*** Exercise inputs ***
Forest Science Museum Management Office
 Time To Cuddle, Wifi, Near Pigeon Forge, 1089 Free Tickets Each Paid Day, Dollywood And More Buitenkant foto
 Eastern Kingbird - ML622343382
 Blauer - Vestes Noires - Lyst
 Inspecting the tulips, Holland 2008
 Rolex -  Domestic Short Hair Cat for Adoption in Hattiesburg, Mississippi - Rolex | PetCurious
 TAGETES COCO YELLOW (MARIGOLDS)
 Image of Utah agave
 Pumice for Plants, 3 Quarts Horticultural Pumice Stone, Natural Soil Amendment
***
Work to complete: Reply with the lines from the one that contains "Rolex | PetCurious" through the last line of the material above, copied exactly and nothing else.

Answer below:
 Rolex -  Domestic Short Hair Cat for Adoption in Hattiesburg, Mississippi - Rolex | PetCurious
 TAGETES COCO YELLOW (MARIGOLDS)
 Image of Utah agave
 Pumice for Plants, 3 Quarts Horticultural Pumice Stone, Natural Soil Amendment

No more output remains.